The most persistent rumor in the Christian community over the last few decades is the mistaken belief that atheist Madalyn Murray O’Hair has been trying to ban religious broadcasting through petition RM 2493. Back in December 1974, there was a petition by Jeremy Lanaman and Lorenzo Milam to investigate radio stations with non-commercial educational licenses. The FCC unanimously rejected the petition in August 1975. But somehow the original information mutated into the current rumor that Madalyn Murray O’Hair was trying to remove Christian radio stations from the airwaves. The rumor wasn’t true when she was alive, and certainly isn’t true now. Nevertheless, the FCC has received millions and millions of bogus petitions. Let me state once again, the rumor isn’t true and all of us should do what we can to stop the rumor.
Janet Reno, Enemy of Christians
I am trying to address what I consider to be the major myths and rumors that are spread by the Christian community. Many of these show up in e-mails, while others are repeated by Christian speakers and believed to be true, even though they are false.
One persistent rumor has been attributed to former Attorney General Janet Reno, who supposedly defines Christians as belonging to a cult. Let me quote from one variation of the e-mail.
Are you a cultist, ACCORDING TO JANET RENO?? . . . I certainly HOPE SO!! Attorney General Janet Reno, “A cultist is one who has a strong belief in the Bible and the Second Coming of Christ; who frequently attends Bible studies; who has a high level of financial giving to a Christian cause; who home schools their children; who has accumulated survival foods and has a strong belief in the Second Amendment; and who distrusts big government. Any of these may qualify a person as a cultist but certainly more than one of these would cause us to look at this person as a threat, and his family as being in a risk situation that qualified for government interference.” Janet Reno, Attorney General, USA Interview on 60 Minutes, June 26, 1994 Do you qualify? Are you (as defined by the U.S. Attorney General) a threat? If any of these apply to you then you are!! This worries me. Does it worry you? Let’s impeach her too!!! Everyone in this country “The land of the free” with computer access should copy this and send to every man, woman and child who can read.

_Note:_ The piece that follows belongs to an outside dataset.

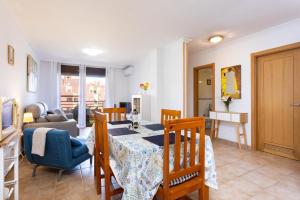 Una cocina y una sala de estar con mesa y sillas. en Apartamento Sotavento III S, en La Tejita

The quote is a hoax, but that didn’t stop many Christians from trying to send this e-mail to nearly everyone they knew that had access to the Internet. Even now that Janet Reno is no longer Attorney General, this e-mail still circulates on a fairly regular basis.
Here are the facts. According to CBS, Janet Reno did not appear on 60 Minutes in 1994. And it is doubtful that she would ever say something so inflammatory on this program or any other program. If she had, certainly it would have made front-page news to define millions of Christians as “cultists” and a “threat” to society.

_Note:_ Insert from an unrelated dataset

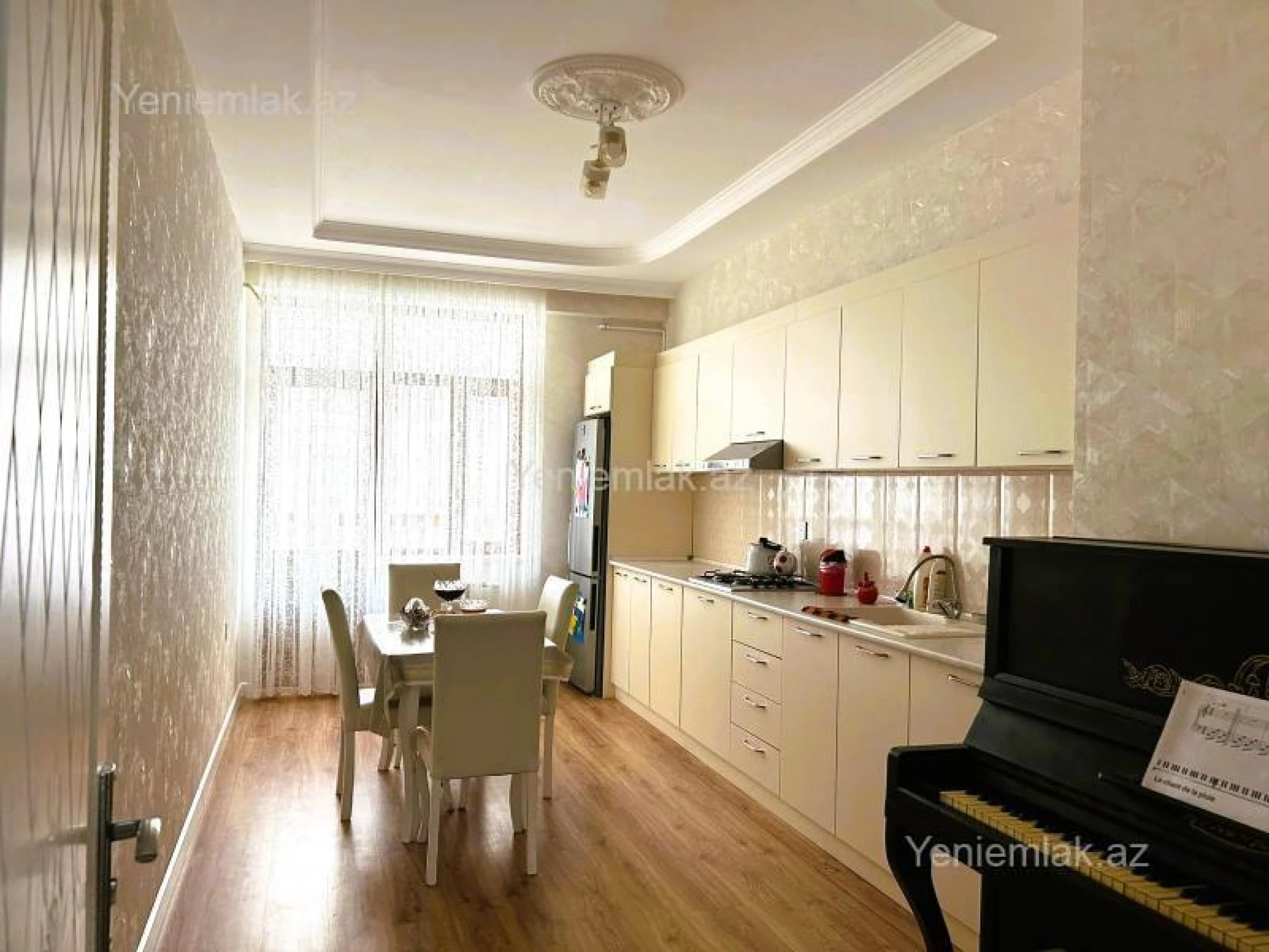 Satılır 2 otaqlı yeni tikili 90 m²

The Office of Legislative Affairs in the Justice Department says they believe the quote first appeared in the August 1993 edition of the “Paul Revere Newsletter” published by the Christian Defense League in Flora, Illinois. The group has been described by some as a “far right hate group” holding to racist and anti-Semitic views. The newsletter subsequently ran a retraction.

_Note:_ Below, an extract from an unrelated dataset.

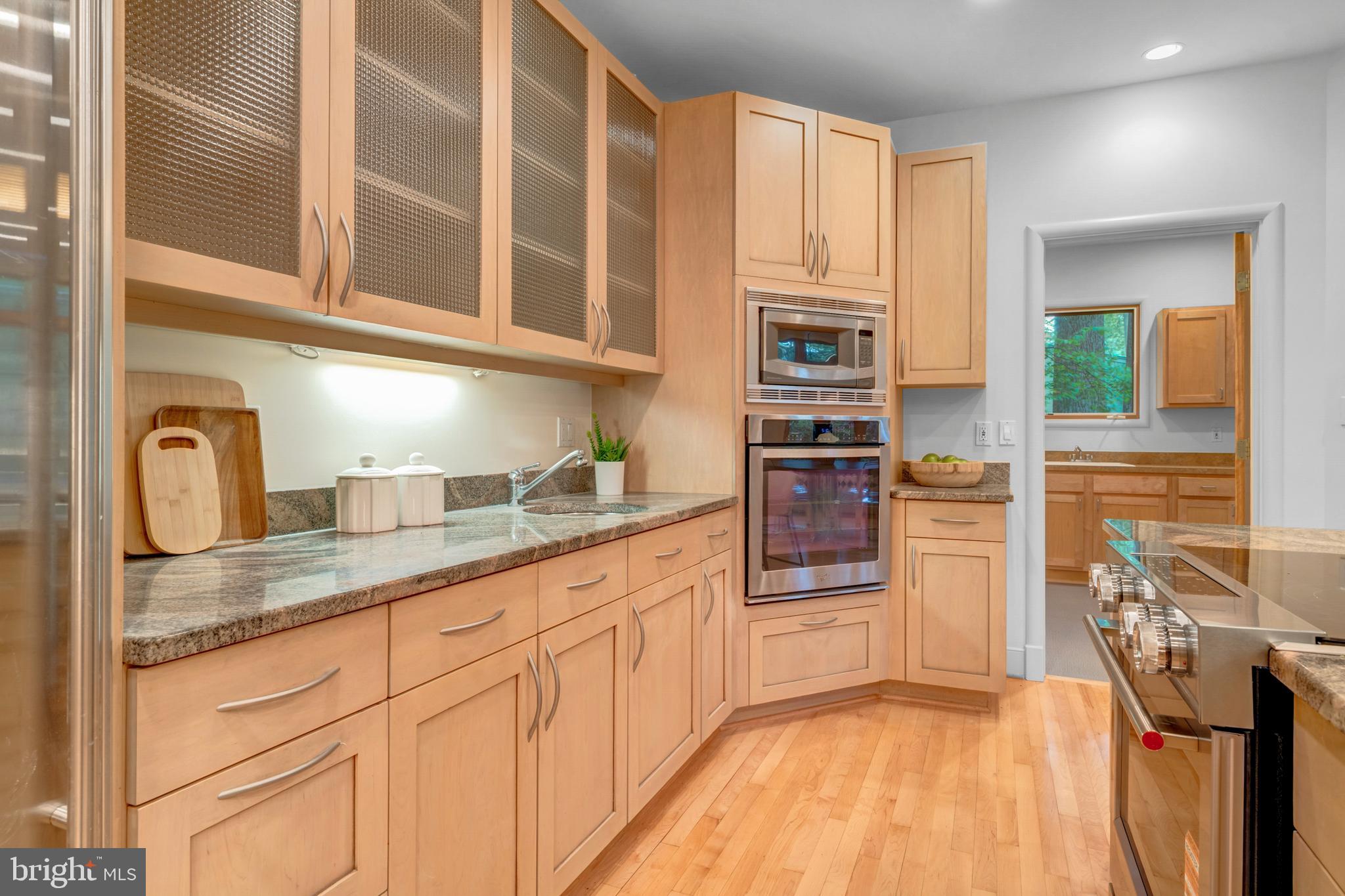 5933 Woodley Road McLean, VA 22101 - Photo 25 of 58 Kitchen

This is the unfortunate origin of this persistent e-mail message. Unknowingly, Christians circulated a rumor started by a group bent on attacking the Attorney General. They did so because Christians were attacked as being cultists, thus they spread a rumor that was not true.
Joshua’s Long Day
One story that has been around for quite a long time is the myth of NASA discovering Joshua’s long day. As the story goes, computers at the space agency discovered that as they went back in time the calculations did not work. Scientists doing orbital mechanics calculations to determine the positions of the planets in the future realized that they were off by a day. A biblical scholar in the group supposedly solved the question when he remembered the passage in Joshua 10:13 which says that “the sun stood still, and the moon stopped” for about a whole day.
Attempts to verify the story through the NASA Spaceflight Center in Maryland never materialized. But that didn’t stop the spreading of the story that NASA found computer evidence of a missing day, which thereby verified the story of Joshua’s long day.
As it turns out, the apparent origin of this story precedes NASA by many years. Harry Rimmer wrote about astronomical calculations recorded by Professor C.A. Totten of Yale University in his 1936 book The Harmony of Science and Scripture.{1} He quotes professor Totten, who said, “[A] fellow professor, an accomplished astronomer, made the strange discovery that the earth was twenty- four hours out of schedule!” He says that Professor Totten challenged this man to investigate the question of the inspiration of the Bible. Some time later, his colleague replied: “In the tenth chapter of Joshua, I found the missing twenty-four hours accounted for. Then I went back and checked up on my figures, and found that at the time of Joshua there were only 23 hours and 20 minutes lost.”
Researchers have gone back to Professor Totten’s book Joshua’s Long Day and the Dial of Ahaz (published in 1890) and have not been able to find the story of the astronomer. Instead they find his argument for the lost day based upon the chronology of Jesus Christ. He believed that Christ must have been born at the fall equinox and that the world was created four thousand years before Christ was born. He therefore calculates that the world was created on September 22, 4000 b.c. This day must be a Sunday, but using a calendar we find that this date was a Monday. Therefore, argues Professor Totten, Joshua’s long day accounts for this “missing day.”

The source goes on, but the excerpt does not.